DATASET EXCERPTS:
[Start of section]
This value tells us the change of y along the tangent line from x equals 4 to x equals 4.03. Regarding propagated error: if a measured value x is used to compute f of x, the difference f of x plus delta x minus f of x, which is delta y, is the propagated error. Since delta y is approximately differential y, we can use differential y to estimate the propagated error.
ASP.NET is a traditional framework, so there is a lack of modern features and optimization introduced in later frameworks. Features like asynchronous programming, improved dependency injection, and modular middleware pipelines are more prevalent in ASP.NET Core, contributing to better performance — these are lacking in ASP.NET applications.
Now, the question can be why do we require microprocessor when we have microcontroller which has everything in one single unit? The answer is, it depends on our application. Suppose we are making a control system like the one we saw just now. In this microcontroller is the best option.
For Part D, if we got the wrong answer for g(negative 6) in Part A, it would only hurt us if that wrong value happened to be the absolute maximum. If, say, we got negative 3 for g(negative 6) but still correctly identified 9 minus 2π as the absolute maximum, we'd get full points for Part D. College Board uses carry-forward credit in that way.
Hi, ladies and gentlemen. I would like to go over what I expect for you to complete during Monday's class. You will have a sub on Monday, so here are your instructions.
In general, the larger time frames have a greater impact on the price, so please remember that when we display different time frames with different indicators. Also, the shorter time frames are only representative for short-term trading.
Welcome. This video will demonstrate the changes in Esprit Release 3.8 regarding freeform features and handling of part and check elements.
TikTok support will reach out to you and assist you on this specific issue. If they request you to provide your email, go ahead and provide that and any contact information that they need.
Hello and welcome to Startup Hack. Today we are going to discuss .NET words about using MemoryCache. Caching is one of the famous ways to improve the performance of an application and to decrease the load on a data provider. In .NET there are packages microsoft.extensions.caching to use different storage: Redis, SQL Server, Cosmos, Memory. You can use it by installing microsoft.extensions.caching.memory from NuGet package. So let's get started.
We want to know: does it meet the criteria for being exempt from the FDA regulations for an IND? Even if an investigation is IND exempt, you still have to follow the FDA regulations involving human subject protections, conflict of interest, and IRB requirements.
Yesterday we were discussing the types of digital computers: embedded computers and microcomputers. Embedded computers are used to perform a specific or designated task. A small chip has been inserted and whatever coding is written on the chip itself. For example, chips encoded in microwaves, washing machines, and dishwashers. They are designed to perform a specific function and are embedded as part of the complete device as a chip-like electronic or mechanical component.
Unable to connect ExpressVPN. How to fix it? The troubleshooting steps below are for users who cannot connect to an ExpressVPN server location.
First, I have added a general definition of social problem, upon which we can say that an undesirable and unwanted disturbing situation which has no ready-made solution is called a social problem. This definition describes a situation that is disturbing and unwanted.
[End of section]
[Start of section]
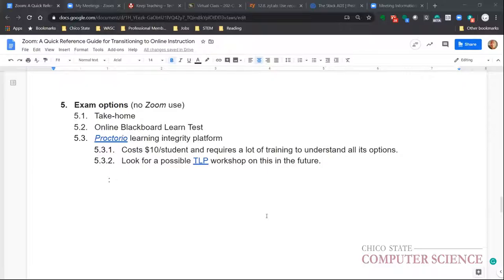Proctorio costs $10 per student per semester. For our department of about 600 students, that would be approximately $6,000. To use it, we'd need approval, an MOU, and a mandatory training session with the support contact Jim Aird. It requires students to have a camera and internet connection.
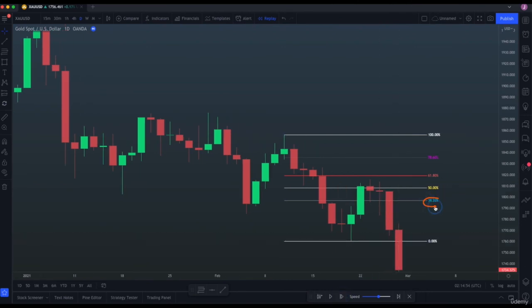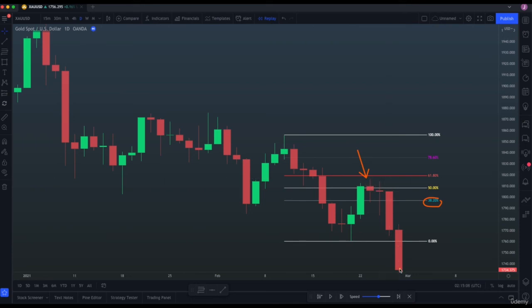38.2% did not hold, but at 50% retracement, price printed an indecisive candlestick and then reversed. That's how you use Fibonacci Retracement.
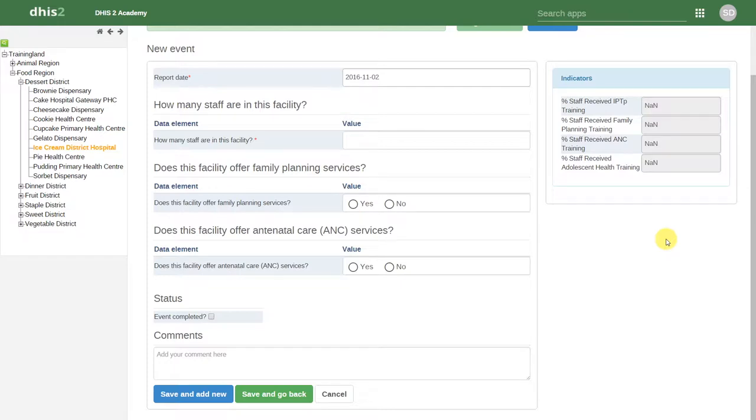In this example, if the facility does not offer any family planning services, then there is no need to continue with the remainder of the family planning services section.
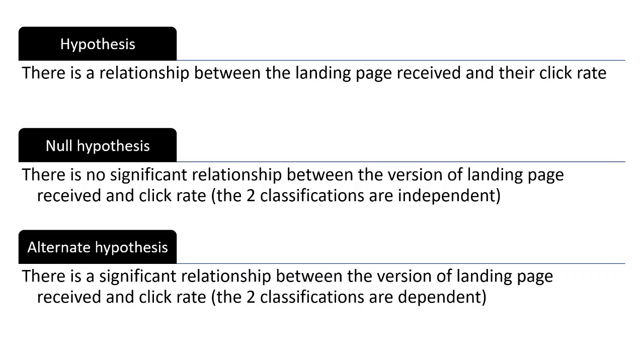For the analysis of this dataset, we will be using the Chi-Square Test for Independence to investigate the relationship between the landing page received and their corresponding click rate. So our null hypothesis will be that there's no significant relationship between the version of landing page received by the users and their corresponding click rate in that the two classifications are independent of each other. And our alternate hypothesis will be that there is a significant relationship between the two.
[End of section]
[Start of section]
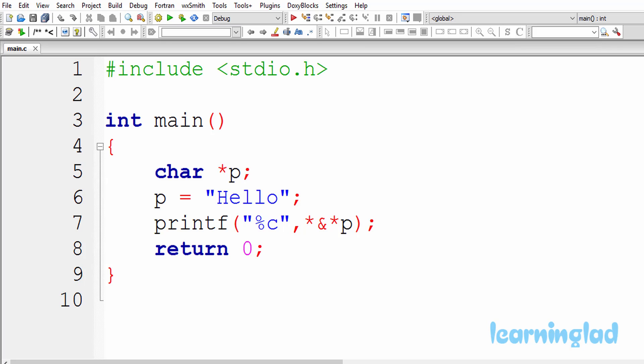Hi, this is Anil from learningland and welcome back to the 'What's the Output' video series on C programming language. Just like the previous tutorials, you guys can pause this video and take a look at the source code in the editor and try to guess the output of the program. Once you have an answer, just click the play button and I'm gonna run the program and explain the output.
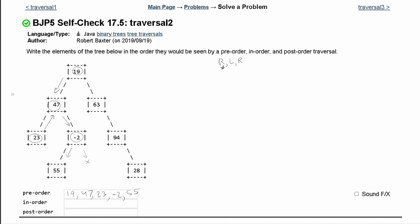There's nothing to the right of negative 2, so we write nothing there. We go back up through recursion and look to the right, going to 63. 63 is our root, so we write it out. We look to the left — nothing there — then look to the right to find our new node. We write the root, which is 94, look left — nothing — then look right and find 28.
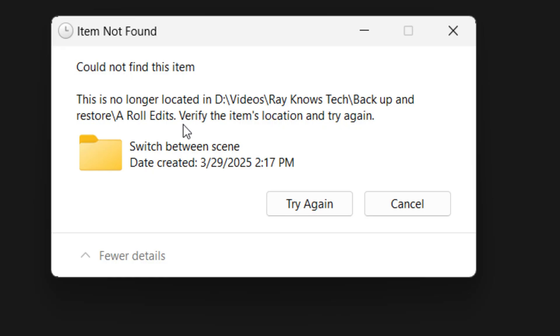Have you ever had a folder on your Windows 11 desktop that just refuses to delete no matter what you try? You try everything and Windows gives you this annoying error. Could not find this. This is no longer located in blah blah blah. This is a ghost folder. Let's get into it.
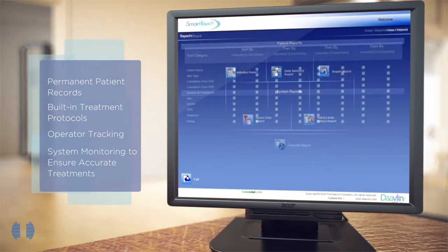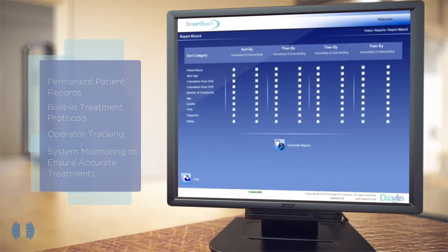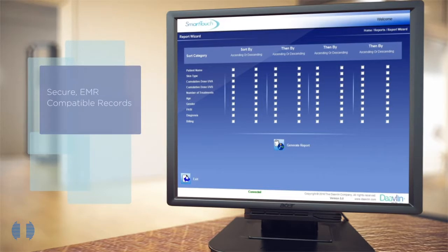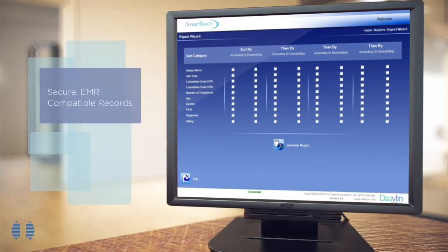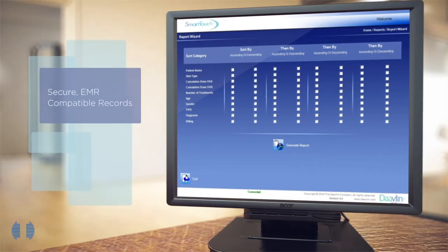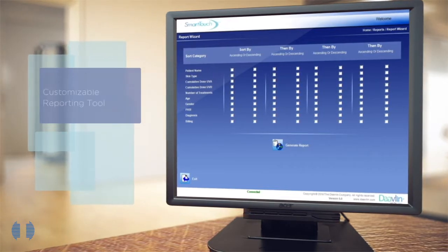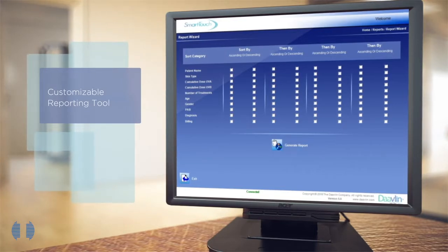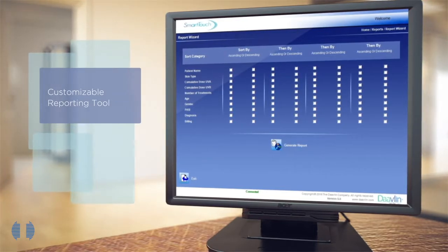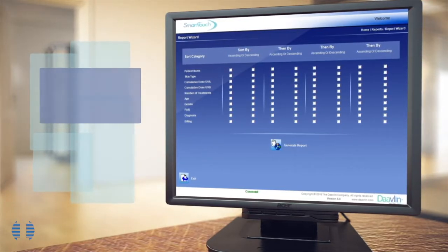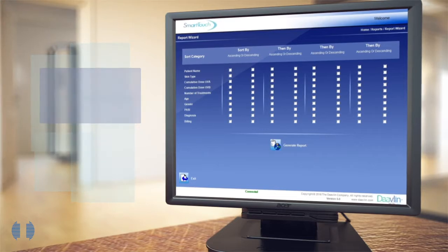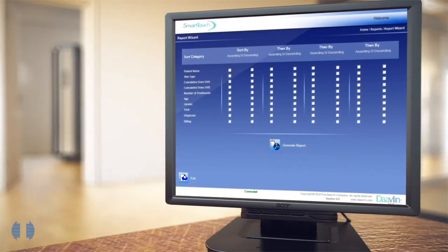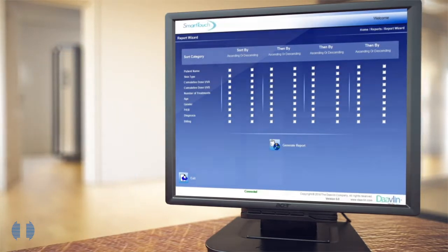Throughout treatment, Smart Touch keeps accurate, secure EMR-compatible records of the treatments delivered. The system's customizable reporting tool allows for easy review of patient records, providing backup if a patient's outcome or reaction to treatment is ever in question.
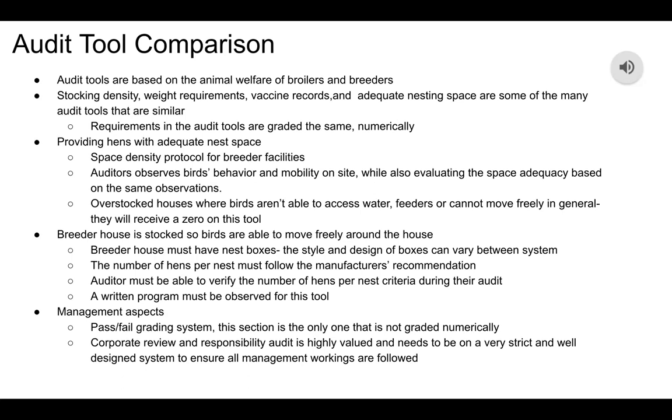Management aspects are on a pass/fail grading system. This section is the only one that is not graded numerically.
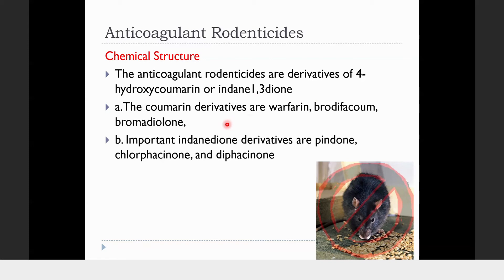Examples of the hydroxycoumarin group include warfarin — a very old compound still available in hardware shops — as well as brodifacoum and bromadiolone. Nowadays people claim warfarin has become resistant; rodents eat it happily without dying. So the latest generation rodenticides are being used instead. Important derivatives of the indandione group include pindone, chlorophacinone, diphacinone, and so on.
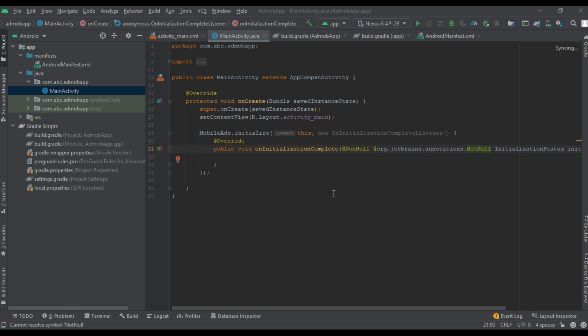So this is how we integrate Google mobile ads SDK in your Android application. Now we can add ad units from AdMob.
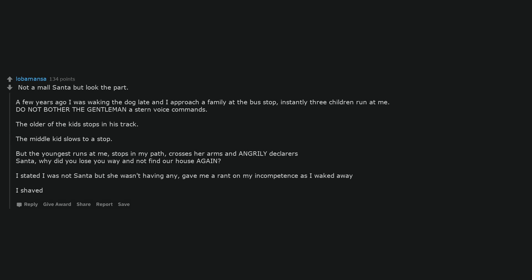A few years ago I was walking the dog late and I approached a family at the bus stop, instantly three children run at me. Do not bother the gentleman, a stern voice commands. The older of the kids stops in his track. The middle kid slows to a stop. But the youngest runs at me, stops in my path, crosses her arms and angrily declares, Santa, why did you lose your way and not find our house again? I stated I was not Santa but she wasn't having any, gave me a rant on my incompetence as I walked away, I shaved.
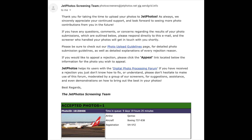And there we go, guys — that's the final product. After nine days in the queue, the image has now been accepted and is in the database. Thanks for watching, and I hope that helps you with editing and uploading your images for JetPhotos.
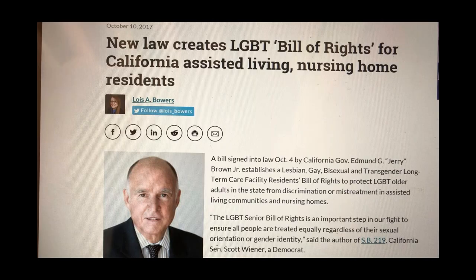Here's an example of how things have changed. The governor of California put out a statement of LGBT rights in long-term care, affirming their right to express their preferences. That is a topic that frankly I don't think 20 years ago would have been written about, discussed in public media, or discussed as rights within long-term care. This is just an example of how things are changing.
[End of section]
WORK INSTRUCTION: Starting with the line with "In general, the" above and going on through the line with "Hello and welcome", transcribe every line exactly, both ends included, and add nothing.

ANSWER TO THIS EXERCISE:
In general, the larger time frames have a greater impact on the price, so please remember that when we display different time frames with different indicators. Also, the shorter time frames are only representative for short-term trading.
Welcome. This video will demonstrate the changes in Esprit Release 3.8 regarding freeform features and handling of part and check elements.
TikTok support will reach out to you and assist you on this specific issue. If they request you to provide your email, go ahead and provide that and any contact information that they need.
Hello and welcome to Startup Hack. Today we are going to discuss .NET words about using MemoryCache. Caching is one of the famous ways to improve the performance of an application and to decrease the load on a data provider. In .NET there are packages microsoft.extensions.caching to use different storage: Redis, SQL Server, Cosmos, Memory. You can use it by installing microsoft.extensions.caching.memory from NuGet package. So let's get started.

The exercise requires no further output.